United States v. Dickey
Headline: Court allows newspapers to print names and tax amounts from federal tax lists, narrowing a statute’s ban and making taxpayer information publicly publishable, affecting news reporting and tax secrecy rules.
Holding: The Court ruled that where Congress directed the Commissioner to make taxpayer name-and-tax lists available for public inspection, that authorization removes those items from the statute’s ban and permits their publication.
- Allows newspapers to publish federal tax list names and amounts.
- Makes taxpayer name-and-tax information publicly reportable when placed in official lists.
- Limits prosecutions under the statute for publishing those listed items.
Summary
Background
Two newspaper editors in Kansas City were indicted for printing parts of federal income-tax returns that showed taxpayers’ names and the amounts of tax paid. They argued the information was already open for public inspection under a separate law and that punishing publication would violate press freedom. A lower court sustained demurrers and dismissed the indictment.
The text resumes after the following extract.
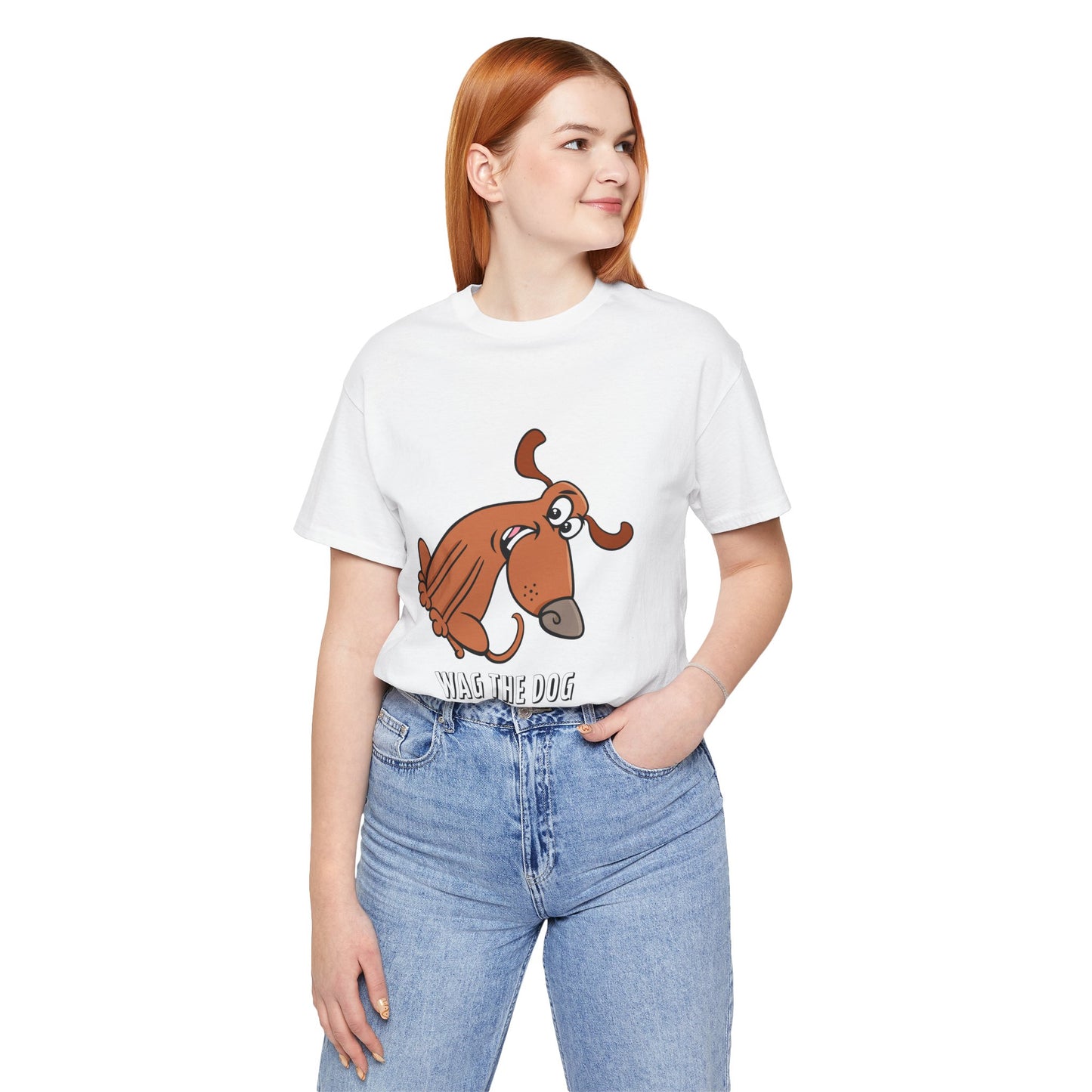 Female model wearing Wag The Dog T-Shirt in white with dog graphic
The case turns on how two federal provisions fit together: one bans publication ``not provided by law,'' and another directs the tax Commissioner to prepare lists of taxpayers and amounts for public inspection.
Reasoning
The central question was whether the law that requires the Commissioner to make name-and-tax lists available for inspection also allows people to publish that information. The Court examined the statutes and their legislative history and concluded Congress intended those lists to be open and that this authorization removes that information from the general publication ban. The Court declined to rest the result on the First Amendment because the statutory construction made the constitutional question unnecessary. The editors’ view prevailed and the indictment was affirmed as properly dismissed.
Real world impact
The decision makes clear that when Congress directs that taxpayer name-and-tax lists be publicly available, newspapers and others may publish the same information without running afoul of the statute’s ban. The opinion leaves debates about whether publicity or secrecy is wiser to lawmakers, and it resolves the dispute by following Congress’s chosen disclosure policy.